Data to import the database as snippets


 
Thread Tools Search this Thread
Top Forums Shell Programming and Scripting Data to import the database as snippets
# 1  
Old 10-09-2016
Data to import the database as snippets

Hi all,

I don't know if this the right place to post my question to get some ideas on how to done this.

I have a text files extracted from OCR that need to have snippets to be import to database as snippet table which have columns "snippet, date, title" I dont know if shell scripts can do it with power of grep and regex command in linux or is there any opensource or commercial tools can use to do this task.

Thank you
# 2  
Old 10-09-2016
Hi ,
Could you provide a sample input file and the expected result ?
# 3  
Old 10-09-2016
Hi here's the sample txt file link: Update your browser to use Google Drive - Drive Help

sample at google drive public share 1181.txt
Code:
date: September  2015 
title: THE MACROECONOMIC PERSPECTIVE: ENSURING THE BUDGET AS AN EFFECTIVE HANDLE AMID PRESSING CHALLENGES

Code:
snippet:  The proposed 2016 national budget is being considered in the legislative mill amid daunting global challenges, the vagaries of a harsh El Nino phenomenon, and the heightened political uncertainty owing to the looming transition in the reins of government.  Further, China’s continued unraveling in recent weeks has spooked global investors, affirmed the persistent global economic slowdown, and exposed the vulnerabilities of emerging markets.
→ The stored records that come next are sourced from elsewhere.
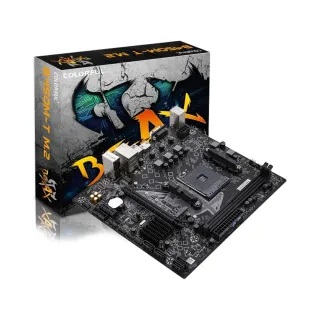 Colorful Battle-AX B450M-T M.2 V14 AM4 DDR4 mATX Anakart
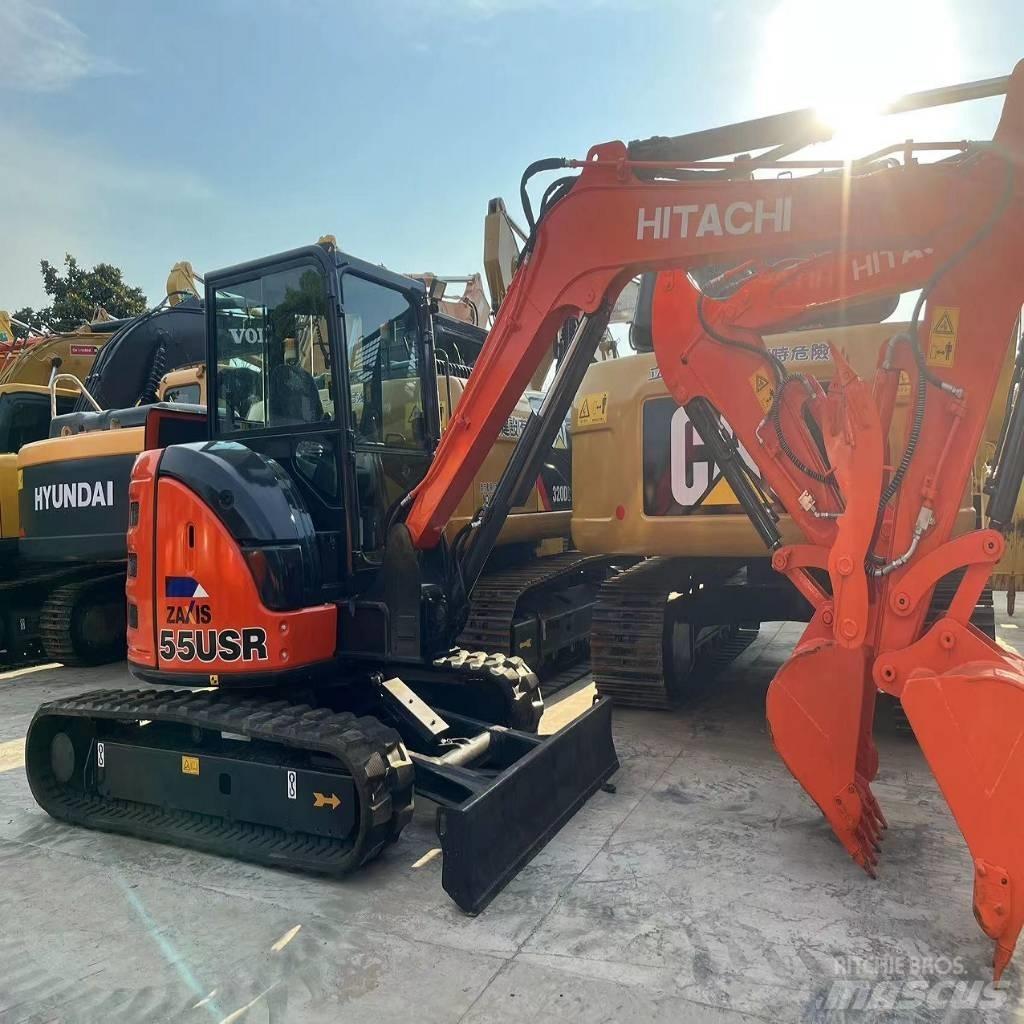 Hitachi ZX 55 USR Minikoparki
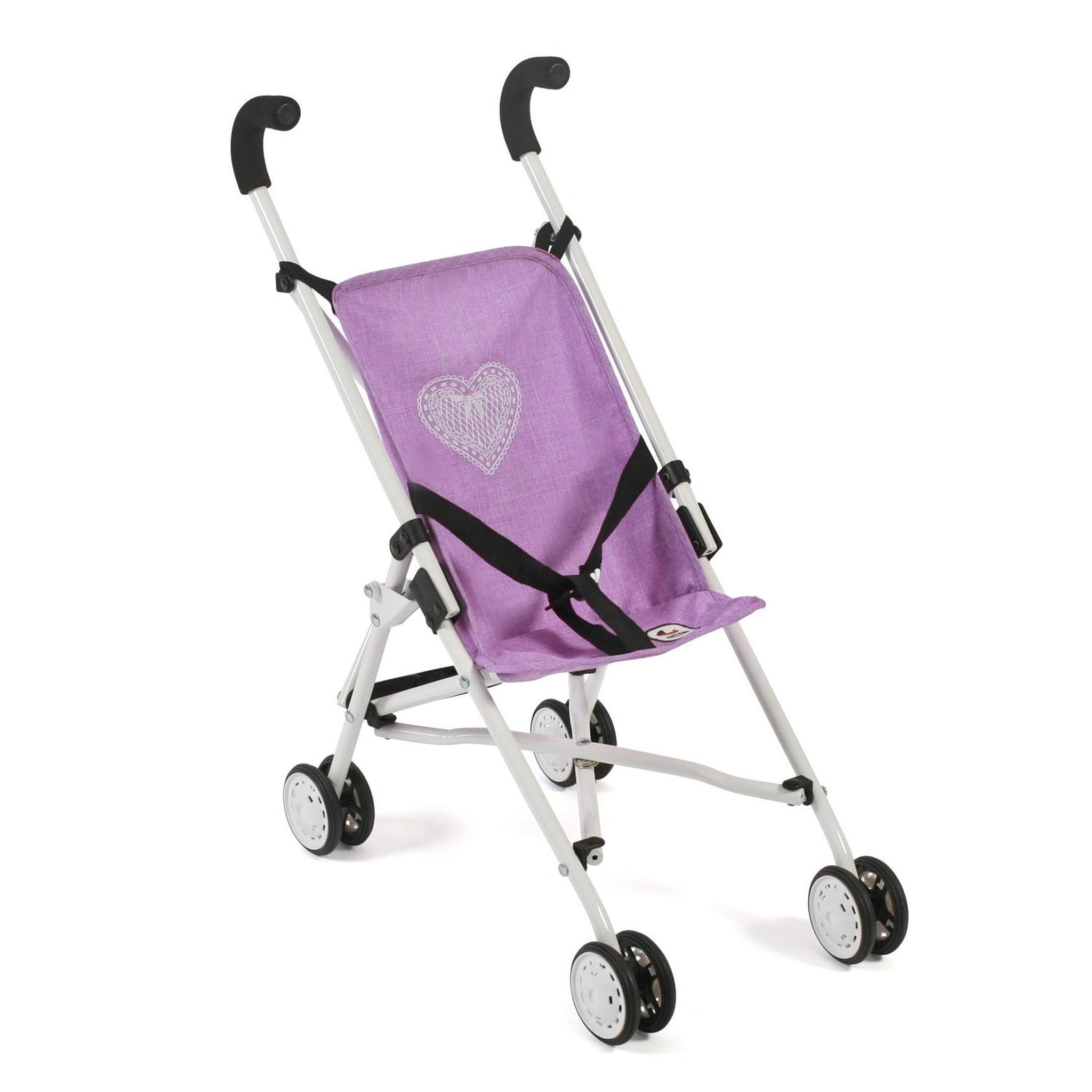 BAYER CHIC 2000 Mini-Buggy ROMA, mélange violet pour poupée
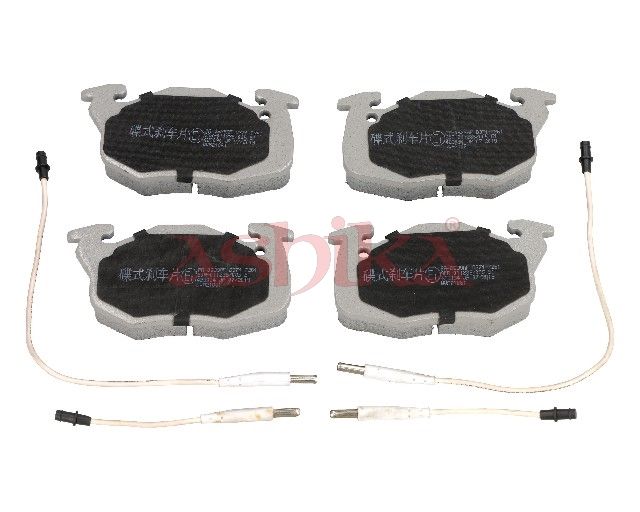 ASHIKA 50-00-0639 Brake pad set, disc brake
or snippets would be one paragraph with atlist 400 to 500 character end with period or paragraph cut at maximum 500 character with 3 dot.

title: atlist 50 to 100 character end with period. or paragraph cut at maximum 100 character with 3 dot.
Thanks for the response

Moderator's Comments:
Mod Comment Please use CODE tags (as required by forum rules) when posting sample input, sample output, and code segments.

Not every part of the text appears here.